Quando se entende esse mecanismo básico, de fato torna-se um pouco mais compreensível a obsessão de economistas com as exportações.  Afinal, sem elas, não seria possível comprar nada de fora (na verdade, seria sim, como veremos mais abaixo).

Entretanto, as coisas começam a ficar mais turvas quando vemos economistas totalmente obcecados com exportações e fanaticamente contrários às importações.  Qual seria o sentido de exportar sem importar?  Do ponto de vista do cidadão brasileiro, as exportações de soja, laranja e aço do país só lhe são boas porque trazem dólares que lhe permitem importar iPads, notebooks, livros, carros e várias outras coisas.  Fora isso, as exportações não lhe são nada vantajosas.  Ao contrário até: quanto mais um país exporta, menor será a oferta desses bens exportados no mercado nacional.  Quanto maior a exportação de soja, laranja, café e aço, menor será a oferta desses produtos para os brasileiros, o que significa que seus preços no mercado interno serão maiores do que poderiam ser caso não fossem exportados.  De modo geral, sempre que a balança comercial apresenta um superávit recorde, isso significa que o cidadão brasileiro foi privado de uma maior oferta de bens, tanto aqueles produzidos nacionalmente e que foram exportados, quanto aqueles produzidos no estrangeiro e que não puderam ser importados por restrições governamentais.

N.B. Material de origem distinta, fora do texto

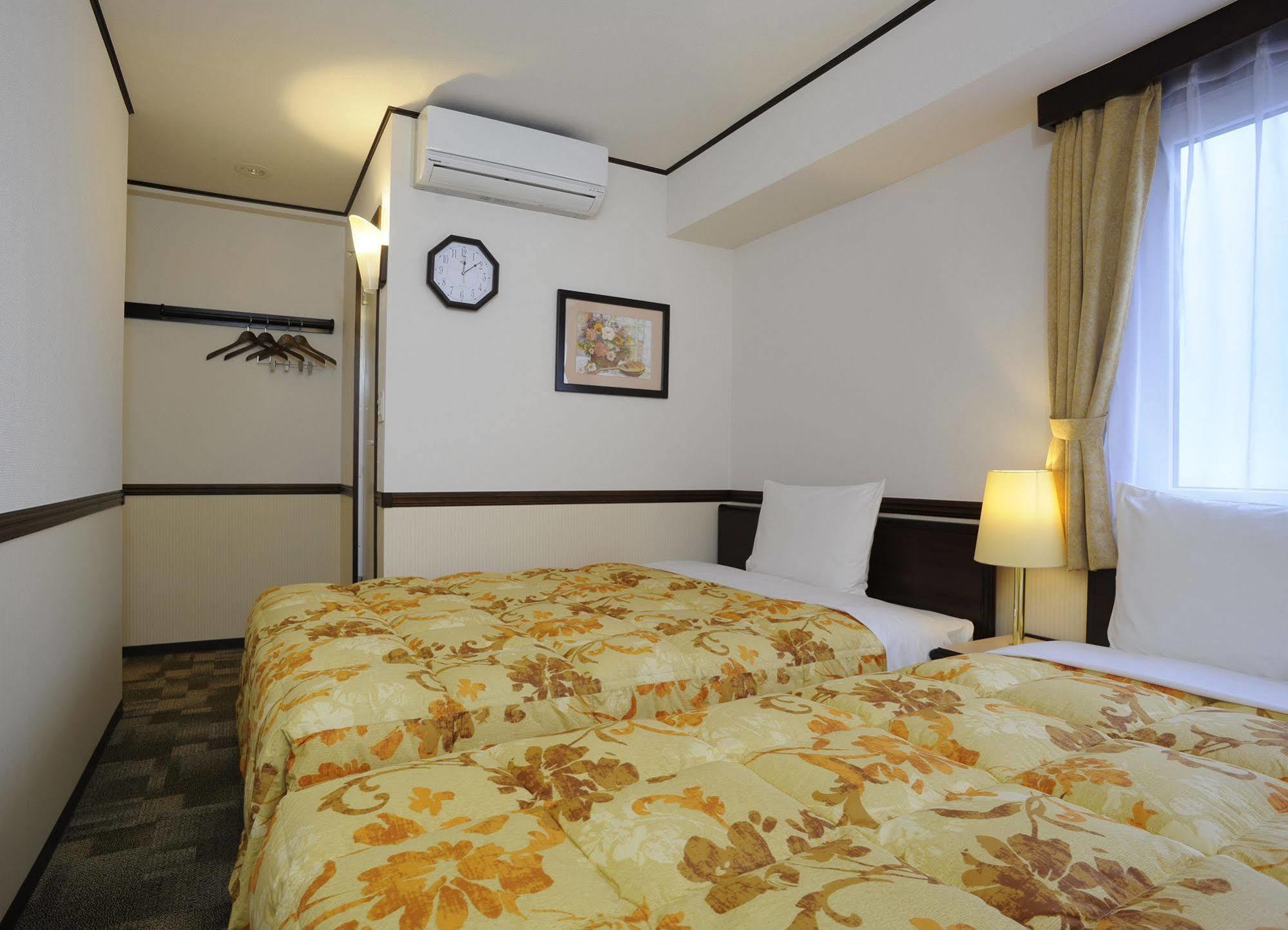 Toyoko Inn Sendai Higashi-Guchi No 2 Exterior photo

Logo, a política governamental de estimular exportações e restringir importações só pode ser vista como sadismo governamental, um ato de criminosa privação da população.

“Ora, mas por que então os governos fazem isso?”

Há algumas explicações.  Em primeiro lugar, como o setor exportador possui um lobby muito bem organizado, e como o governo precisa de dólares para compor suas reservas internacionais e para intervir no mercado de câmbio, não é preciso ser um grande cientista político para imaginar que ambos (governo e exportadores) trabalharão em profunda simbiose.  Um precisa da ajuda do outro.  Por outro lado, os importadores são difusos e não possuem um lobby organizado (para dizer a verdade, eu nem sei se há algum lobby de importadores).  Adicionalmente, importação significa saída de dólares.  E saída de dólares significa governo perdendo capacidade de fazer política cambial para ajudar o setor exportador.  De novo: não é necessário diploma acadêmico para perceber que importar vai contra interesses tanto do governo quanto do setor exportador.

Na década de 1980, no auge da crise da dívida externa, o governo praticamente baniu as importações e estimulou ao máximo as exportações justamente para acumular dólares e com isso poder pagar os juros dessa dívida.  Quando a coisa apertava e os dólares escasseavam, os ministros iam à TV em rede nacional anunciar uma moratória.  Dilson Funaro era especialmente ótimo nesse papel.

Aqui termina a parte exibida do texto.